Exact reproduction of all the data is required, with pictures excluded.
# # # #
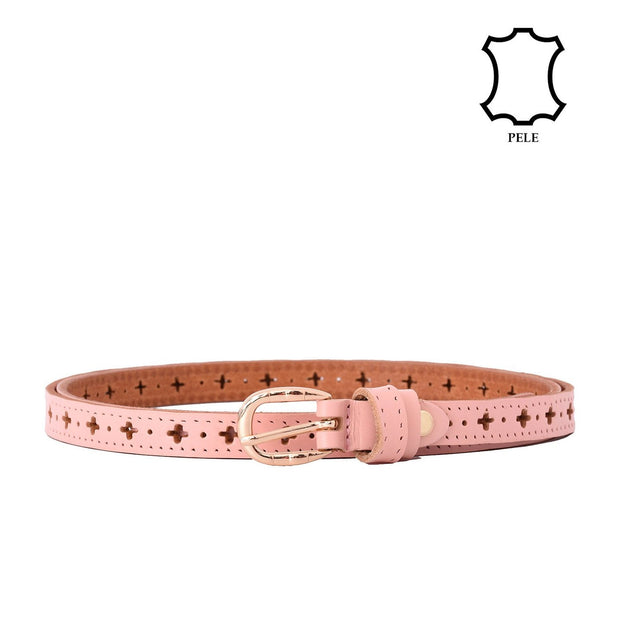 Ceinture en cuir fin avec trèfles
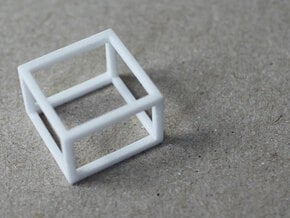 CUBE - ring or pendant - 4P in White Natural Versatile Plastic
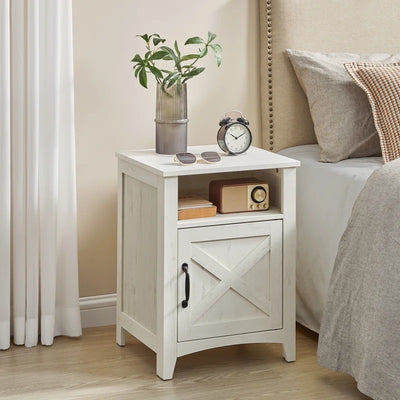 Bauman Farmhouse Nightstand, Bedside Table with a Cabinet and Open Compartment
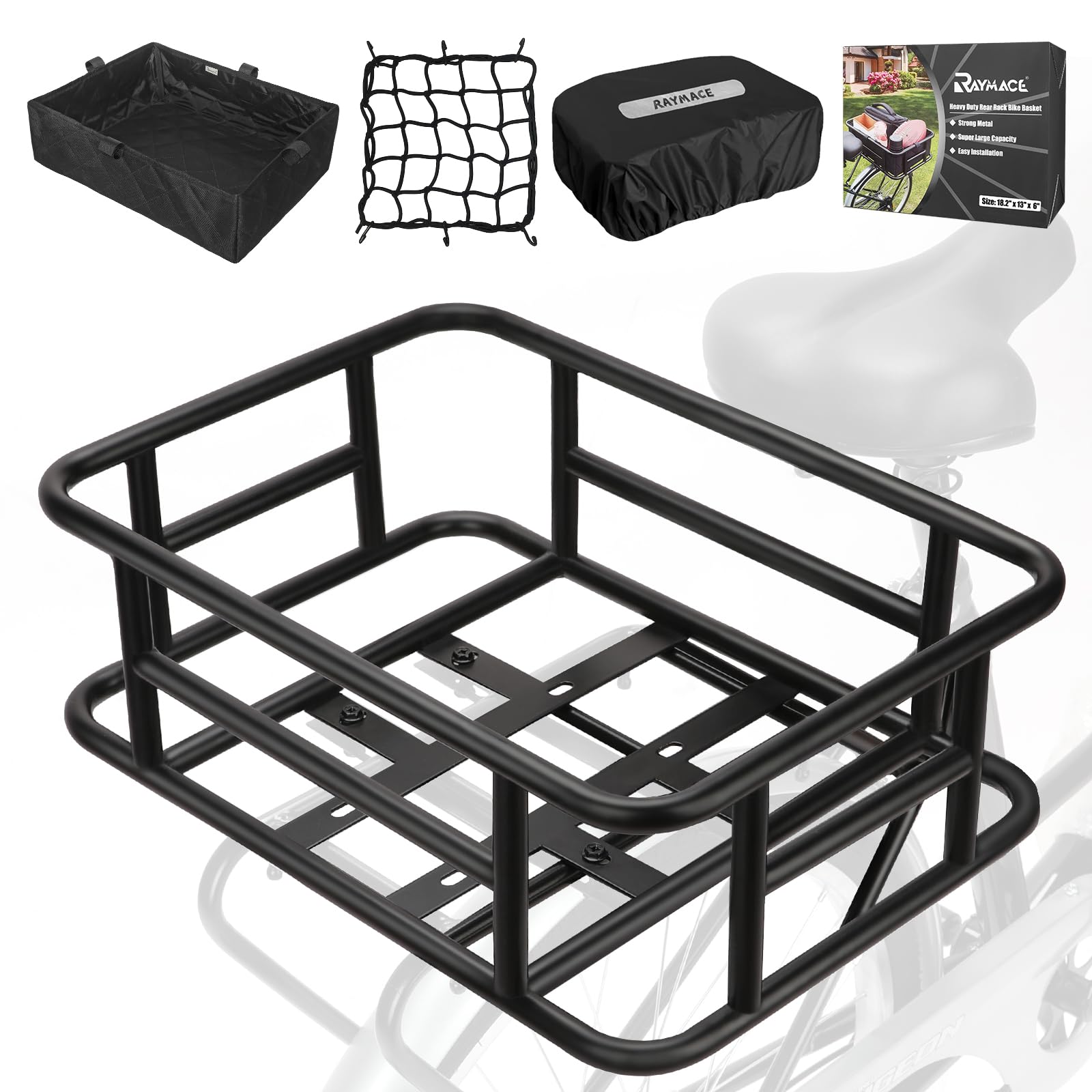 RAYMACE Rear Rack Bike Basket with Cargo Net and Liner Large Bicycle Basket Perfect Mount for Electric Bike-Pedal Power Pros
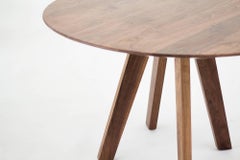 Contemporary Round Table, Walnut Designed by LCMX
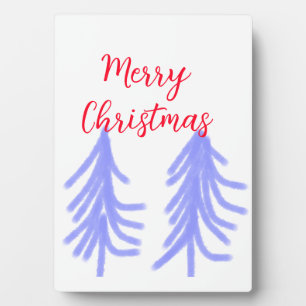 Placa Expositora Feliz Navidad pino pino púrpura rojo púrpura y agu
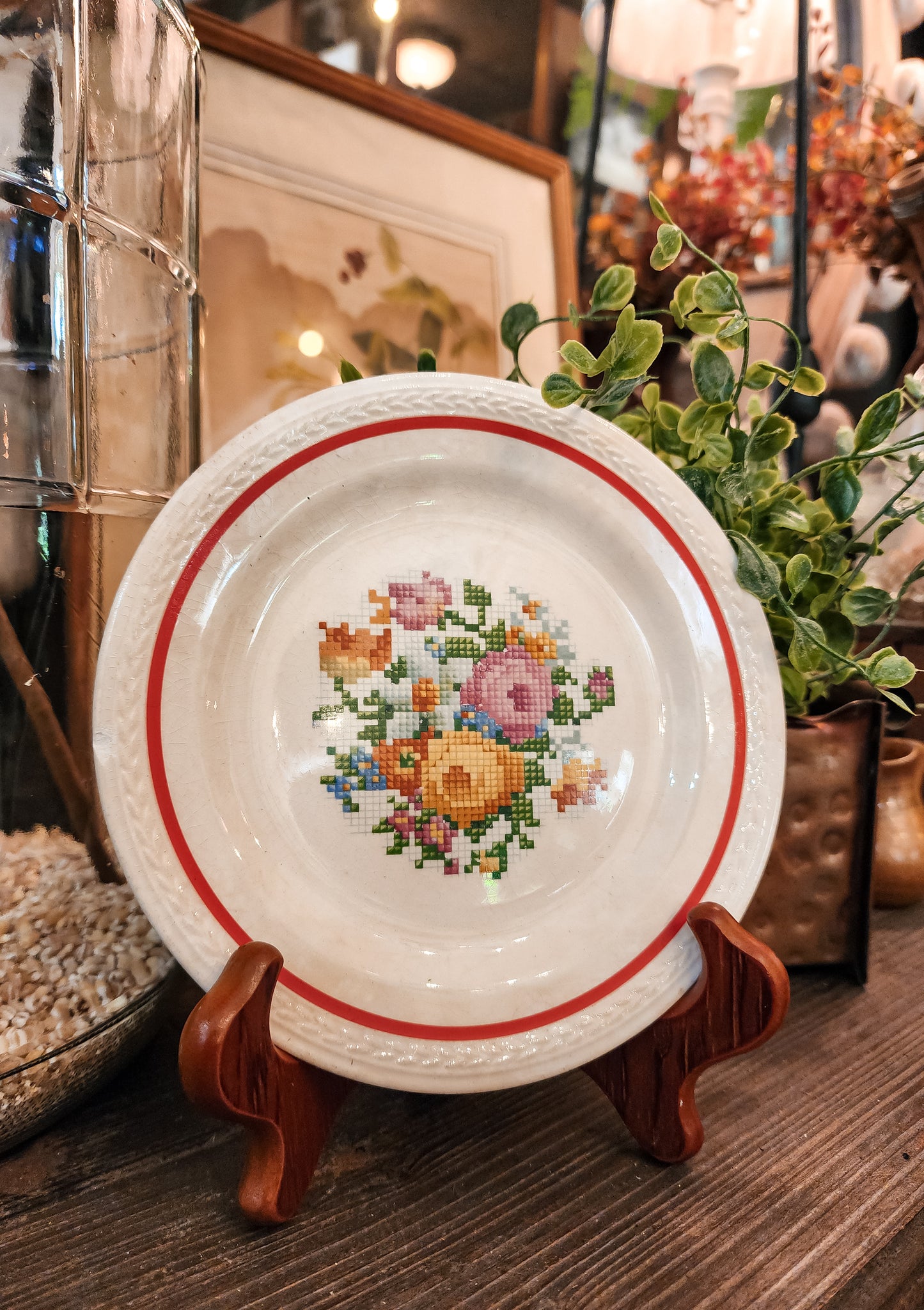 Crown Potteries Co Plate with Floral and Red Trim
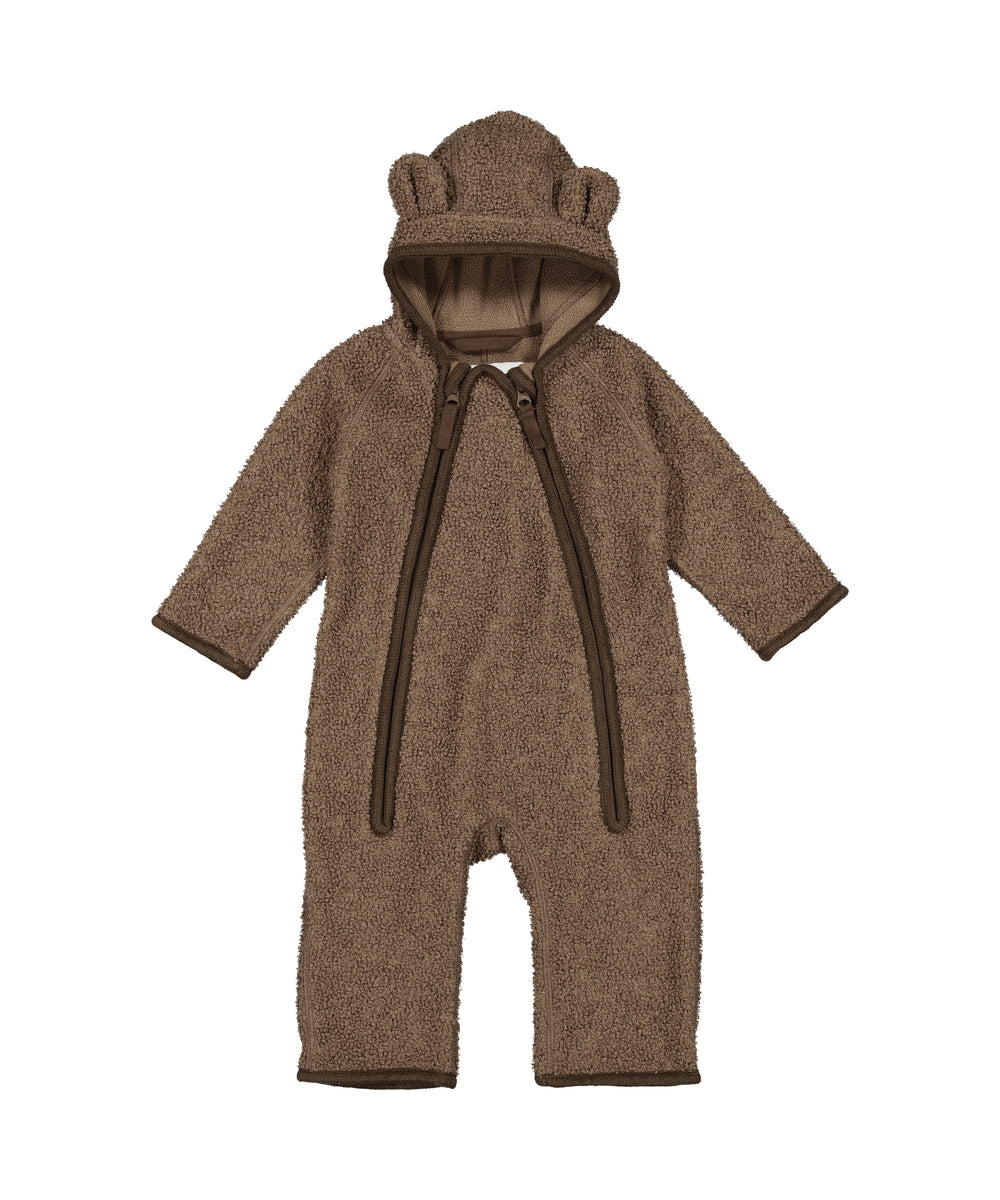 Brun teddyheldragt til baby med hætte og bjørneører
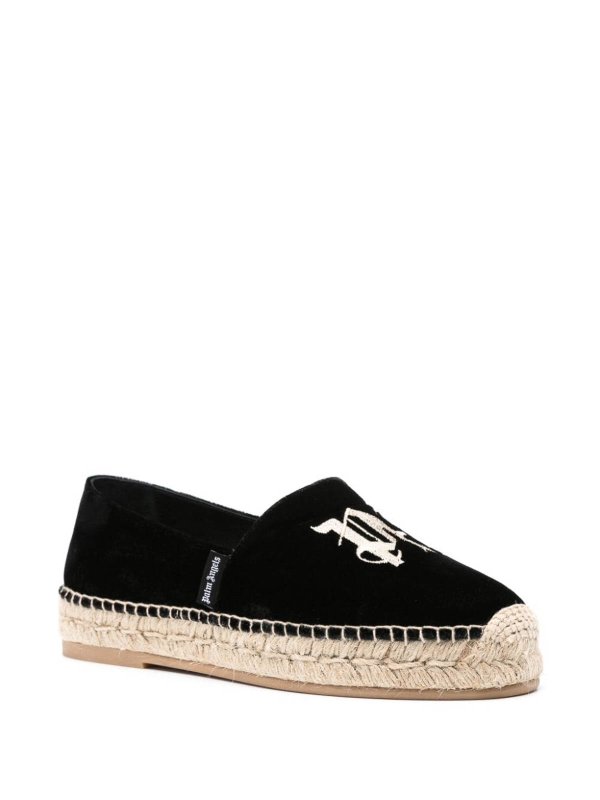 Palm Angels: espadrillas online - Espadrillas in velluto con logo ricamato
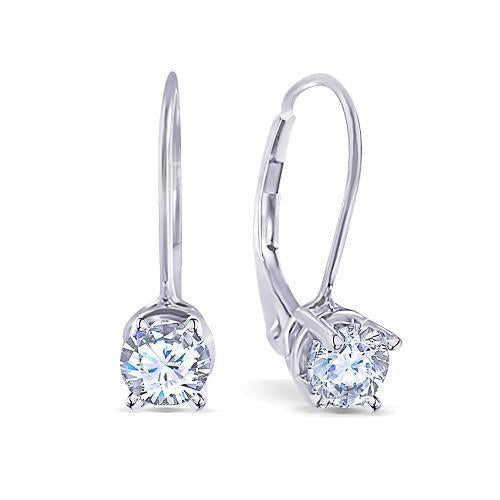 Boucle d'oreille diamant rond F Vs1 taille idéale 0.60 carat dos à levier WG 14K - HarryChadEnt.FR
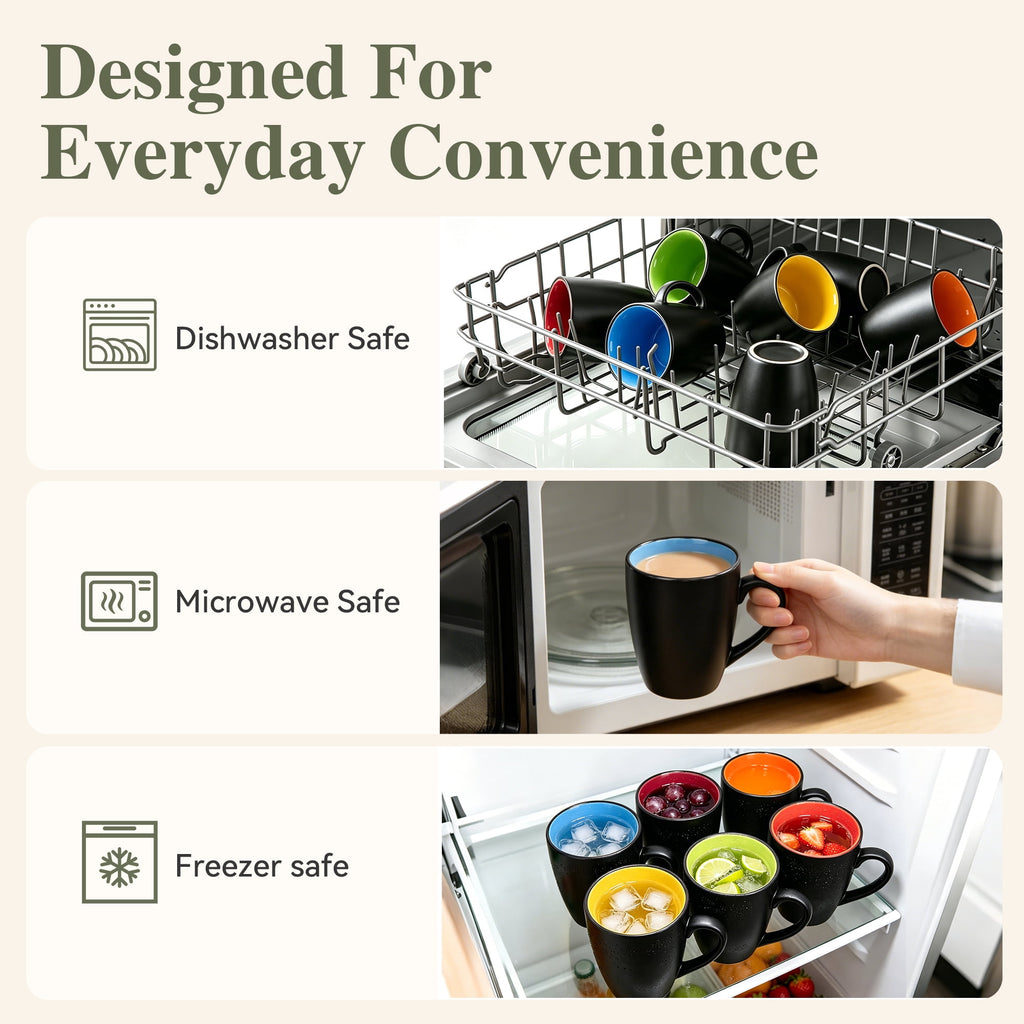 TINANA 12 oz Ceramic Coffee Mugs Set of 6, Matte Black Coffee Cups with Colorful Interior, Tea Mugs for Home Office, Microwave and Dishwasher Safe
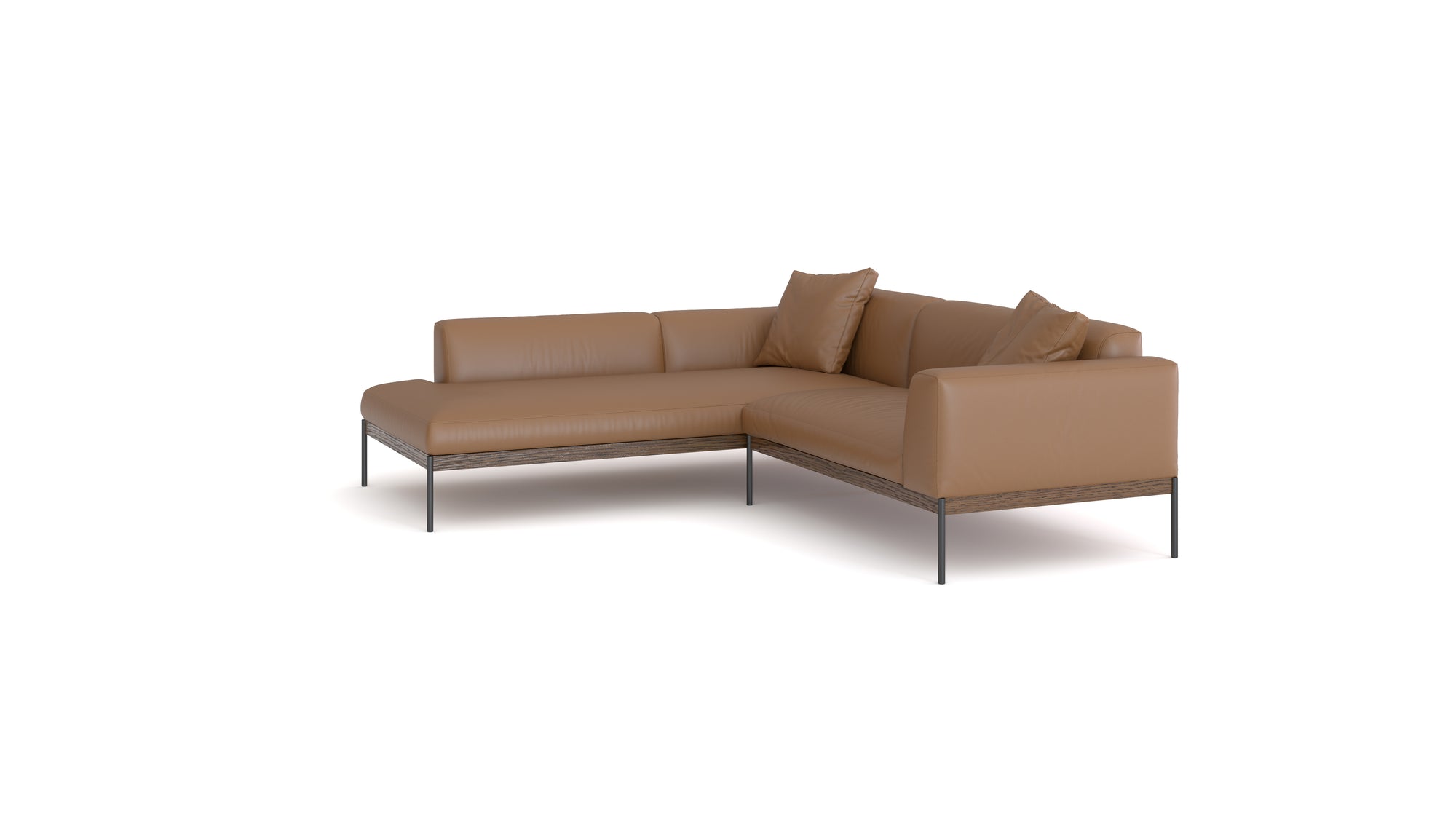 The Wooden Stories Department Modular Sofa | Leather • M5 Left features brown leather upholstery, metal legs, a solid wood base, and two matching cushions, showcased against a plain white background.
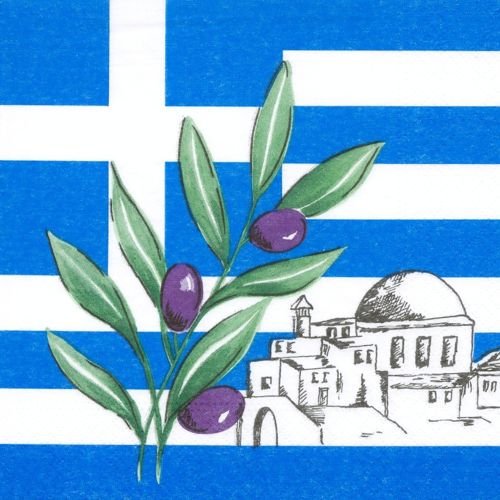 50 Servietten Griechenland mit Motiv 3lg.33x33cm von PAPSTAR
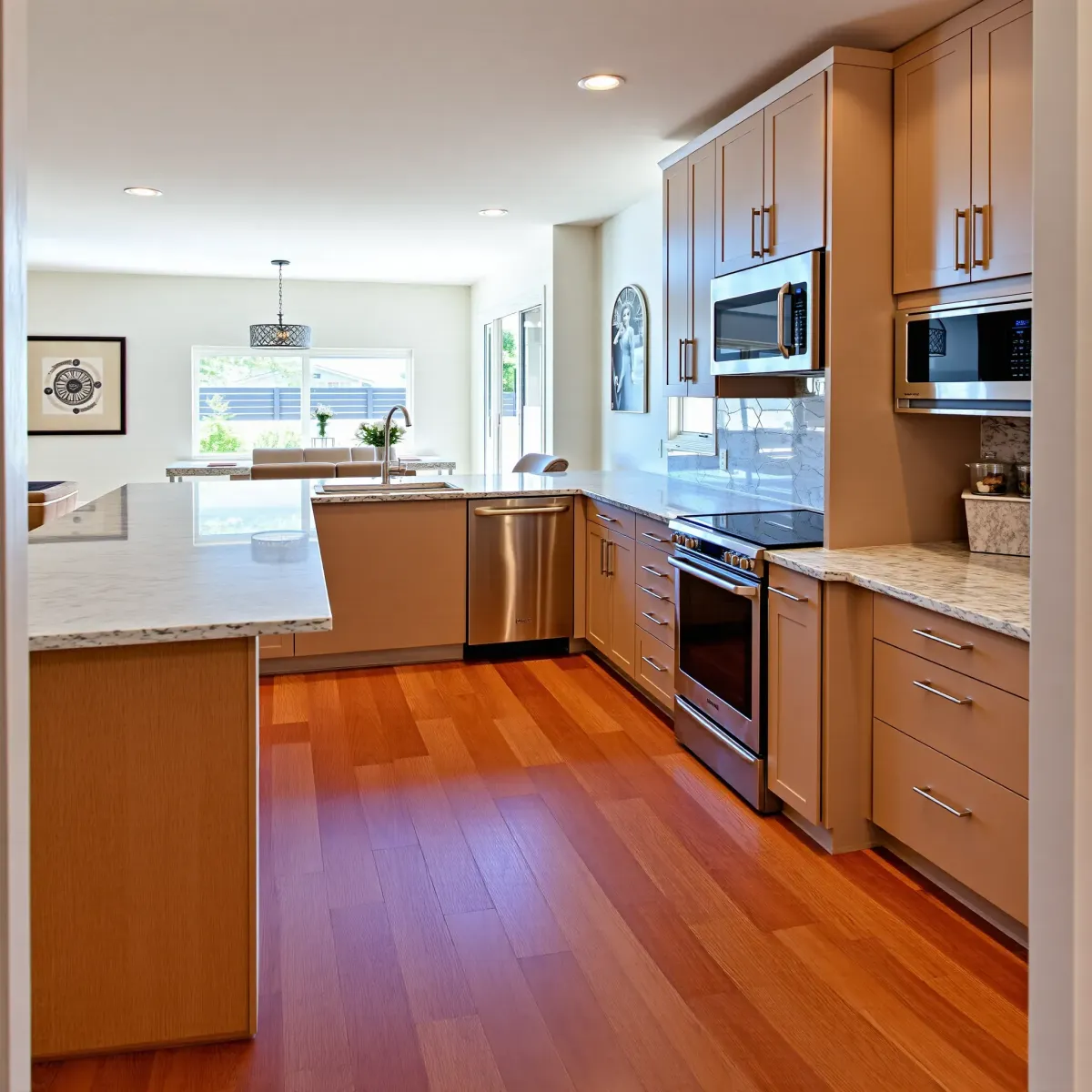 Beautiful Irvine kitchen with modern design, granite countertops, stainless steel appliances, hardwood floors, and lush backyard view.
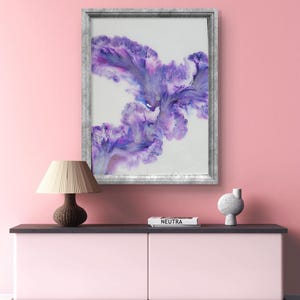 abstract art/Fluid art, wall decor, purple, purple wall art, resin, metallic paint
# # # #
### Solution to this problem
 Ceinture en cuir fin avec trèfles
 CUBE - ring or pendant - 4P in White Natural Versatile Plastic
 Bauman Farmhouse Nightstand, Bedside Table with a Cabinet and Open Compartment
 RAYMACE Rear Rack Bike Basket with Cargo Net and Liner Large Bicycle Basket Perfect Mount for Electric Bike-Pedal Power Pros
 Contemporary Round Table, Walnut Designed by LCMX
 Placa Expositora Feliz Navidad pino pino púrpura rojo púrpura y agu
 Crown Potteries Co Plate with Floral and Red Trim
 Brun teddyheldragt til baby med hætte og bjørneører
 Palm Angels: espadrillas online - Espadrillas in velluto con logo ricamato
 Boucle d'oreille diamant rond F Vs1 taille idéale 0.60 carat dos à levier WG 14K - HarryChadEnt.FR
 TINANA 12 oz Ceramic Coffee Mugs Set of 6, Matte Black Coffee Cups with Colorful Interior, Tea Mugs for Home Office, Microwave and Dishwasher Safe
 The Wooden Stories Department Modular Sofa | Leather • M5 Left features brown leather upholstery, metal legs, a solid wood base, and two matching cushions, showcased against a plain white background.
 50 Servietten Griechenland mit Motiv 3lg.33x33cm von PAPSTAR
 Beautiful Irvine kitchen with modern design, granite countertops, stainless steel appliances, hardwood floors, and lush backyard view.
 abstract art/Fluid art, wall decor, purple, purple wall art, resin, metallic paint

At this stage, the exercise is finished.